→ **What this task involves**:
Please print the entries below exactly, from the line with "2007 Audi RS4アバント" through the line with "Chuyển Sinh Thành Thất Hoàng Tử 8 trang 6", including both of those lines and leaving out all others.

[[ Records for the task, beginning ]]

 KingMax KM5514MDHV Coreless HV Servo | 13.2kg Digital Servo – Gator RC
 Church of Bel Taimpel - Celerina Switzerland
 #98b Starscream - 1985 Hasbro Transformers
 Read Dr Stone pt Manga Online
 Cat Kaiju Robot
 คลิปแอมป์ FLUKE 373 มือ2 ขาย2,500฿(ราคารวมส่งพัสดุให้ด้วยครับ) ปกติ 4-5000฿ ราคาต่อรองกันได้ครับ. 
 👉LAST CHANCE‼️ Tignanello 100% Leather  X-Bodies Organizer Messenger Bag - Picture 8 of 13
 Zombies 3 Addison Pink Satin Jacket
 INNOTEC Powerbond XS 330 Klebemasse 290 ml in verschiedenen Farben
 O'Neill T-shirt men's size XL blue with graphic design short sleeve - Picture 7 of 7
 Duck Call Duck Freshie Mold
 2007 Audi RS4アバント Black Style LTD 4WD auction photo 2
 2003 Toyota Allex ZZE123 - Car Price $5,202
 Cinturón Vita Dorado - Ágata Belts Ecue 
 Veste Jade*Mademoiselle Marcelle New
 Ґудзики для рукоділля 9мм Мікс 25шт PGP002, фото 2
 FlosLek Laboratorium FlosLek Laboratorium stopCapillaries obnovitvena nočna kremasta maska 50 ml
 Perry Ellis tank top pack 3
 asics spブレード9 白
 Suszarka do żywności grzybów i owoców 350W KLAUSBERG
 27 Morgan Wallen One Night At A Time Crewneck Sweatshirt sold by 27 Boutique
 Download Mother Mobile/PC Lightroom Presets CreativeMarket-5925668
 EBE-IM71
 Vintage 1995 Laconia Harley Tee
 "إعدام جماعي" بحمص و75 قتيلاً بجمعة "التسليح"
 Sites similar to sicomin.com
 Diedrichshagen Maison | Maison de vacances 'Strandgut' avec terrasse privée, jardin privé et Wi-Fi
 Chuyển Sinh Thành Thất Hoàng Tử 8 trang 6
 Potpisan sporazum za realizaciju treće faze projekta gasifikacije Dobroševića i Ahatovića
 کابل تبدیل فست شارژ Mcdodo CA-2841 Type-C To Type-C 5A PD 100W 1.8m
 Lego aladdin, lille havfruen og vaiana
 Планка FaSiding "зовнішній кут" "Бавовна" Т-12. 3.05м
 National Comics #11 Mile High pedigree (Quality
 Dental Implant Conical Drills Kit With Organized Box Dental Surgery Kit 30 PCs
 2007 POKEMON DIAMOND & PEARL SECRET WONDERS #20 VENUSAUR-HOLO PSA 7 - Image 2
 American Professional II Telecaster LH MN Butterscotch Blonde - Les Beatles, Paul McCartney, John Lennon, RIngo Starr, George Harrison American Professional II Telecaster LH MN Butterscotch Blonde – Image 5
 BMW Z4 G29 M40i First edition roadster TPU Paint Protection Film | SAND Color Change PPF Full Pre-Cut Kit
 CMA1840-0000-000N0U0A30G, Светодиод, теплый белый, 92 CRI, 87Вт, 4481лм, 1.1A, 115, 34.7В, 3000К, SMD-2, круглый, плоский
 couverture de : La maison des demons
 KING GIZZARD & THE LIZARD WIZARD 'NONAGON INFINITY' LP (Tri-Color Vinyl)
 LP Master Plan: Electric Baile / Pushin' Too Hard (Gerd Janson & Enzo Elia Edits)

[[ Records for the task, end ]]

→ **Answer to the exercise**:
 2007 Audi RS4アバント Black Style LTD 4WD auction photo 2
 2003 Toyota Allex ZZE123 - Car Price $5,202
 Cinturón Vita Dorado - Ágata Belts Ecue 
 Veste Jade*Mademoiselle Marcelle New
 Ґудзики для рукоділля 9мм Мікс 25шт PGP002, фото 2
 FlosLek Laboratorium FlosLek Laboratorium stopCapillaries obnovitvena nočna kremasta maska 50 ml
 Perry Ellis tank top pack 3
 asics spブレード9 白
 Suszarka do żywności grzybów i owoców 350W KLAUSBERG
 27 Morgan Wallen One Night At A Time Crewneck Sweatshirt sold by 27 Boutique
 Download Mother Mobile/PC Lightroom Presets CreativeMarket-5925668
 EBE-IM71
 Vintage 1995 Laconia Harley Tee
 "إعدام جماعي" بحمص و75 قتيلاً بجمعة "التسليح"
 Sites similar to sicomin.com
 Diedrichshagen Maison | Maison de vacances 'Strandgut' avec terrasse privée, jardin privé et Wi-Fi
 Chuyển Sinh Thành Thất Hoàng Tử 8 trang 6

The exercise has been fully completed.